Standard estimators of the dependence between assets are the correlation coefficient or the Spearman’s rank correlation for instance. However, as stressed by [Embrechts et al. ], these kind of dependence measures suffer from many deficiencies. Moreoever, their values are mostly controlled by relatively small moves of the asset prices around their mean. To cure this problem, it has been proposed to use the correlation coefficients conditioned on large movements of the assets. But [Boyer et al.] have emphasized that this approach suffers also from a severe systematic bias leading to spurious strategies: the conditional correlation in general evolves with time even when the true non-conditional correlation remains constant. In fact, [Malevergne and Sornette] have shown that any approach based on conditional dependence measures implies a spurious change of the intrinsic value of the dependence, measured for instance by copulas. Recall that the copula of several random variables is the (unique) function which completely embodies the dependence between these variables, irrespective of their marginal behavior (see [Nelsen] for a mathematical description of the notion of copula).
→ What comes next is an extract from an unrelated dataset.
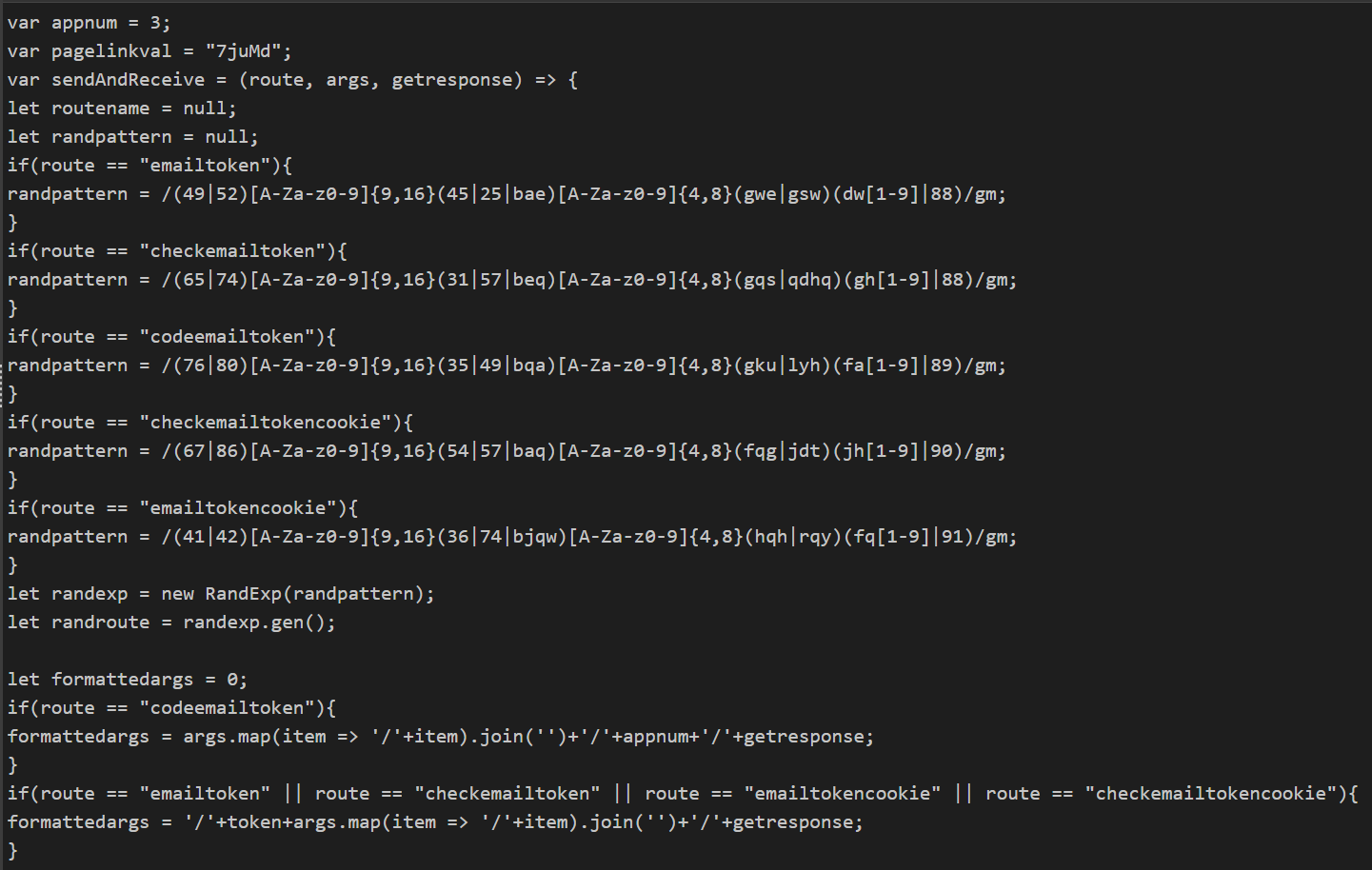Figure 7 - Kit source showing the five route definitions, the hardcoded appnum and pagelinkval values, and the per-route regex patterns used to generate distinct URL suffixes.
In view of these limitations of the standard statistical tools, it is natural to turn to extreme value theory. In the univariate case, extreme value theory is very useful and provides many tools for investigating the extreme tails of distributions of assets returns. These new developments rest on the existence of a few fundamental results on extremes, such as the Gnedenko-Pickands-Balkema-de Haan theorem which gives a general expression for the distribution of exceedence over a large threshold. In this framework, the study of large and extreme co-movements requires the multivariate extreme values theory, which unfortunately does not provide strong results. Indeed, in constrast with the univariate case, the class of limiting extreme-value distributions is too broad and cannot be used to constrain accurately the distribution of large co-movements.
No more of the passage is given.